The recent surge in anti-Asian violence is a horrific reminder that when people are seen as the Stranger, the Other, it leads to dehumanization, to harassment and even violence. Taunts like, “Take your China virus back to your own country,” can lead to devastating consequences.
As people of faith, as people of good conscience everywhere, our spiritual imperative goes beyond just speaking against hate.
Or speaking up for those who are vulnerable.
God also wants us to listen deeply. To empathize.
To understand that the fate of the Stranger is inextricably tied to our own.

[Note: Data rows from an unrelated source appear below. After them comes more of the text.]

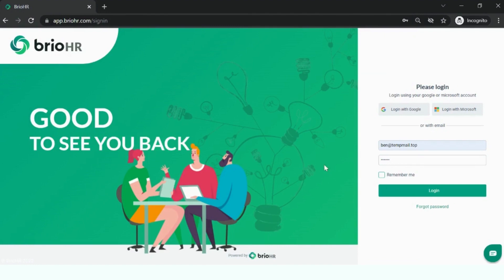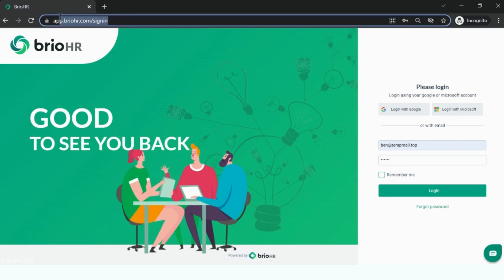We are now on the BrioHR sign-in page. This will help you log in to the application in order to manage your HR activities such as applying for leave, checking your profile information, and more. The specific link to access is app.briohr.com/sign-in. You can also Google this link to find it, or access it directly from BrioHR's website.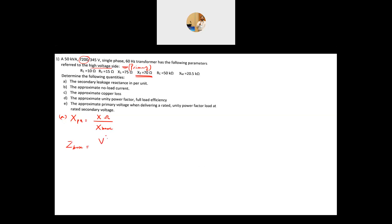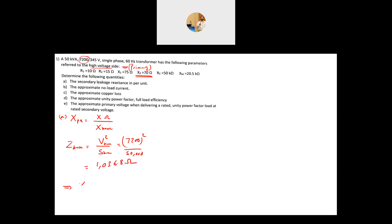Z-base equals V-base squared divided by S-base. The S-base is 50 kVA, the rating of the transformer. Since the values are referred to the primary or high voltage side, V-base is 7200 V. So Z-base equals 7200 squared divided by 50,000, which gives 10,036.8 ohms. Therefore, X per unit equals 70 divided by 10,036.8, which gives 0.0675 per unit.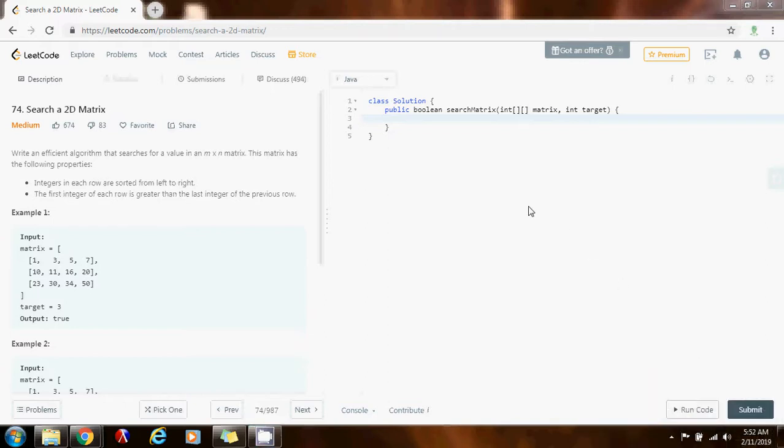Hello everybody, it's Amel, and today I'm going to show you how to solve the Search a 2D Matrix problem.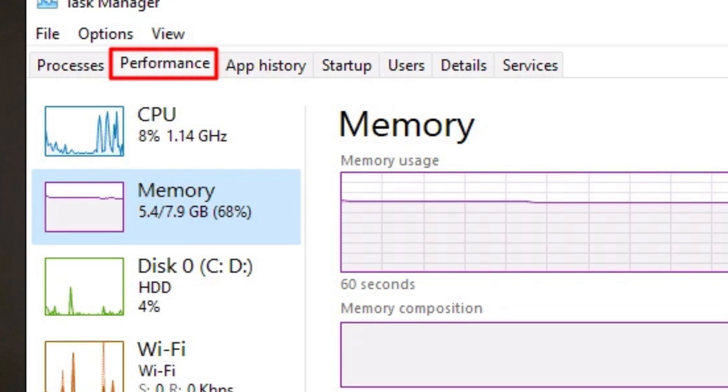I have 8GB RAM, and I upgraded to 16GB. With 16GB, Windows is using 5GB of RAM. That's why I have to switch — that's why I have to switch to Linux.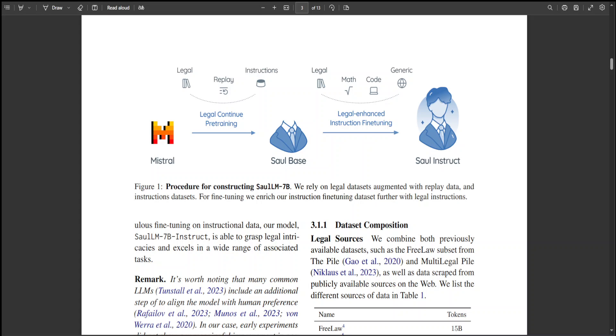I think introducing this first LM for law will not only empower legal professionals but also catalyze further innovation at the intersection of artificial intelligence and the legal community.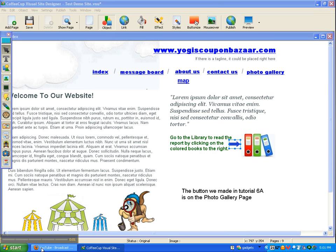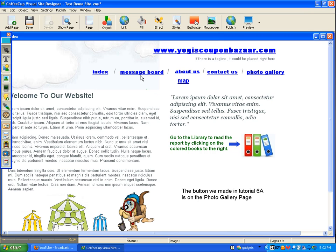Hello and welcome to the CoffeeCup Visual Site Designer tutorial on how to actually publish your website to the web. We've done everything, and how you do this is you come up here to the top where it says 'Publish.' This is a dropdown, and you're going to be using FTP, which stands for File Transfer Protocol.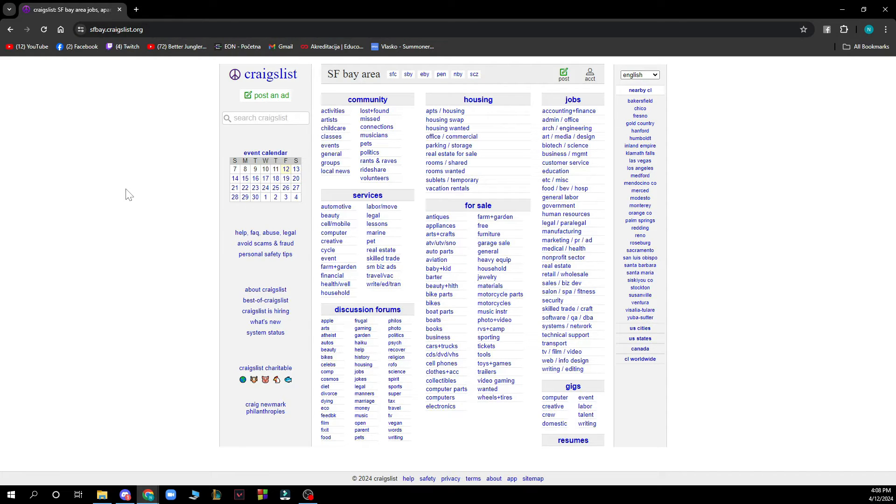Then when you did that, you just need to go and log into your account. But if you do not have an account, you can always go and register to Craigslist.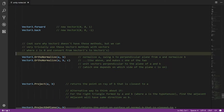So the first of these is OrthoNormalize, which has two overloads — one taking two vectors and one taking three — and all vector arguments are passed by reference. OrthoNormalize doesn't return anything; it modifies the vectors you pass in.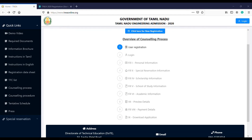You will get your rank category-wise and community-wise. For general counseling, you will get your rank online. If you are a general category student, you need to pay an initial deposit of 5,000 rupees. SC and ST candidates pay 1,000 rupees. Payment modes accepted are Net Banking, Credit Card, Debit Card, or DD.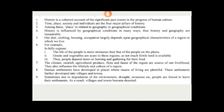Places are related to geography and geographical conditions. History is influenced by geographical conditions in many ways, and thus history and geography are inseparable. Our diet, clothing, housing, and occupation largely depend upon the geographical characteristics of the region in which we live. For example, in hilly regions the life of the people is more strenuous than that of people on the plains.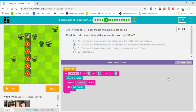The use of for loops makes this puzzle a lot easier. Read the code below. What will happen when you click run? The bee will move forward and collect all of the nectar from every flower, or the bee will move forward and collect all of the nectar from every flower except for one.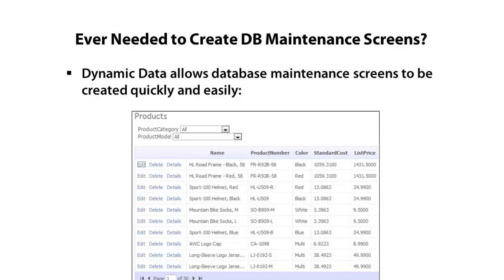An example of that is shown here. Here's an example of displaying the products table, and you'll notice that I can actually drill down and filter by product category, by product model, and then once I get those, I have built-in support for paging. I can insert new items, and of course I can edit an item, delete it, or even drill down and get more details about that particular row of data. So it provides a really simple approach to generating automatically data-driven websites.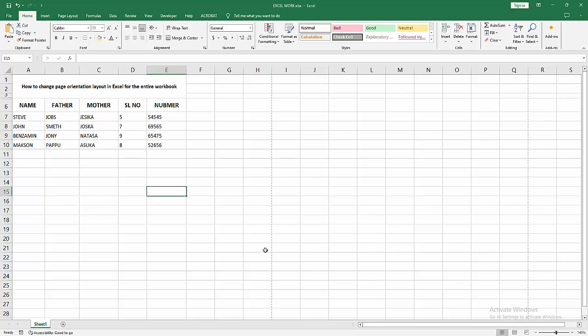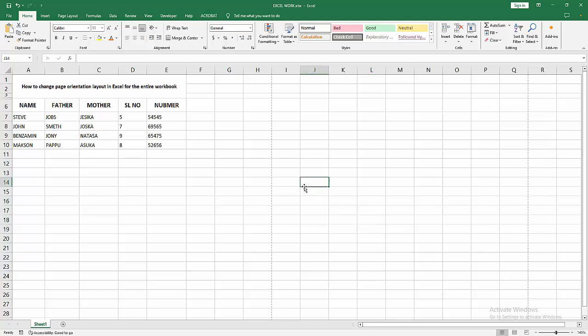Assalamu alaikum, hello friends, how are you? Welcome back to my another video. In this video I am going to show you how to change paper or page orientation layout in Excel for the entire workbook. Let's get started.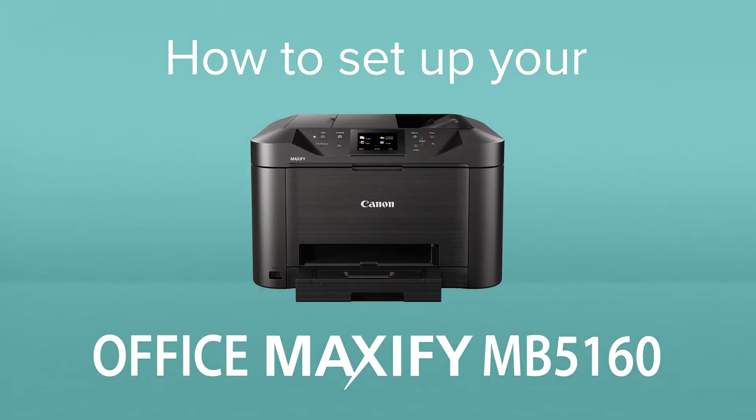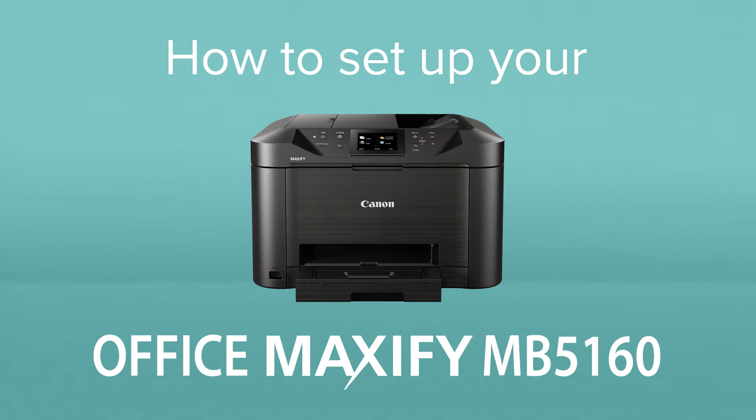How to set up your Canon Office Maxify MB5160. The Office Maxify MB5160 is a wireless all-in-one printer for printing and scanning in the office.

This past fall, my 18-year-old son spent three months living in South Korea. It was his first extended time living outside New York City. He spent his first 14-days in quarantine in a 9×12 foot motel room and emerged onto the streets of Seoul just hours before the start of Rosh Hashanah, the Jewish New Year.
He spent a portion of the holiday with a tiny progressive Jewish community, and some time at a Chabad in Seoul. But mostly he was entirely by himself.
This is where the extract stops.